### Try it
Scan the records for "garden". Show the matching lines.

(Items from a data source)
———
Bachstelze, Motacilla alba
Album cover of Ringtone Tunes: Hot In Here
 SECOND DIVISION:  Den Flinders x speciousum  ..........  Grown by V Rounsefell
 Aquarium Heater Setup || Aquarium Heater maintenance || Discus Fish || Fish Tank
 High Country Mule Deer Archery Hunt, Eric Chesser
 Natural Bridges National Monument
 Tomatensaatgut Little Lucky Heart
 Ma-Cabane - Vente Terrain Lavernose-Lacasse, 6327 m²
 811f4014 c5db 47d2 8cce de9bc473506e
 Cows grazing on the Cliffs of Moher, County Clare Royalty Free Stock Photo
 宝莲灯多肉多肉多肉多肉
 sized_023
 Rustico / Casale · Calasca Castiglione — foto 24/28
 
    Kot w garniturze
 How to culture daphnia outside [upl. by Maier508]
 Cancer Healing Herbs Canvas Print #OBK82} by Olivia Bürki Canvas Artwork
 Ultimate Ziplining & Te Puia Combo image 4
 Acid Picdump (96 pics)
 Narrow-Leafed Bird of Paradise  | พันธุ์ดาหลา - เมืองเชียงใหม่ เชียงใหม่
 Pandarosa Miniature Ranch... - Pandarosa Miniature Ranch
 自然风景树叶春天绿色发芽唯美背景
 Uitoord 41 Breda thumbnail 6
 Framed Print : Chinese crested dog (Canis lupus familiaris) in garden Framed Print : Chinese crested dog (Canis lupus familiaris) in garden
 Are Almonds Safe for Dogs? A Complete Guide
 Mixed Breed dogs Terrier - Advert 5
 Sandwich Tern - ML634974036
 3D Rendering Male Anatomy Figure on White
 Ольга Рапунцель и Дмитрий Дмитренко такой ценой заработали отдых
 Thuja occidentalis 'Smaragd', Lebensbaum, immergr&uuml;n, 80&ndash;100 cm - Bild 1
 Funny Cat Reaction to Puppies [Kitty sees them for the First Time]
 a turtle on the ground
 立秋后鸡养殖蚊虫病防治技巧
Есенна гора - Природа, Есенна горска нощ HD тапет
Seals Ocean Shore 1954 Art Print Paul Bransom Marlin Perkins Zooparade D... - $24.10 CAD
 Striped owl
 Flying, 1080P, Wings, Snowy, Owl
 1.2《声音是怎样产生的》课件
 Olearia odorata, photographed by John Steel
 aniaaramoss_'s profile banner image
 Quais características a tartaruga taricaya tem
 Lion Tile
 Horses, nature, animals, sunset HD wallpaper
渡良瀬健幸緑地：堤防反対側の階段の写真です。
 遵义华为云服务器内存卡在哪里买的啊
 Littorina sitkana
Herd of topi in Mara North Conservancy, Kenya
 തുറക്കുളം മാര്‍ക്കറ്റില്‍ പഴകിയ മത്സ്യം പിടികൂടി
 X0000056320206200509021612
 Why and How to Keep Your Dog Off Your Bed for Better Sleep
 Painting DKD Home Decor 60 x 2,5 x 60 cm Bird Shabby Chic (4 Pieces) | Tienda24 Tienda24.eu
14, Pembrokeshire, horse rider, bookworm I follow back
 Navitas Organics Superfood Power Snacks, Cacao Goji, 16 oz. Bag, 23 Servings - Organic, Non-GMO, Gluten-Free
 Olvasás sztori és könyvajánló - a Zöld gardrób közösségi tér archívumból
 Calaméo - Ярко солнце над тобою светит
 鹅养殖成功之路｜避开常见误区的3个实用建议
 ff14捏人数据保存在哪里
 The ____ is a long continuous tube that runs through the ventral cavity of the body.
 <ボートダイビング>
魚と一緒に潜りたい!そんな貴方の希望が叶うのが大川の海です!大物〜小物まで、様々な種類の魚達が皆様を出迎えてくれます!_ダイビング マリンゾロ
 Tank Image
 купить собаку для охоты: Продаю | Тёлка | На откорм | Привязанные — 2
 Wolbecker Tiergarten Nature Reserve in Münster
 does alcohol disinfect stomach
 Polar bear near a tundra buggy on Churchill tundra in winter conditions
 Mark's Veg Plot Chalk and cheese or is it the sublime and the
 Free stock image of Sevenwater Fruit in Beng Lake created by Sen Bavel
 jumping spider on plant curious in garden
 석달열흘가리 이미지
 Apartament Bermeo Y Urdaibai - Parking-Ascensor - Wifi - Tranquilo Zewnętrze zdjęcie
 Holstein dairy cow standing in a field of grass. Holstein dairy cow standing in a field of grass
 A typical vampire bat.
———
### Result of the exercise
 Framed Print : Chinese crested dog (Canis lupus familiaris) in garden Framed Print : Chinese crested dog (Canis lupus familiaris) in garden
 jumping spider on plant curious in garden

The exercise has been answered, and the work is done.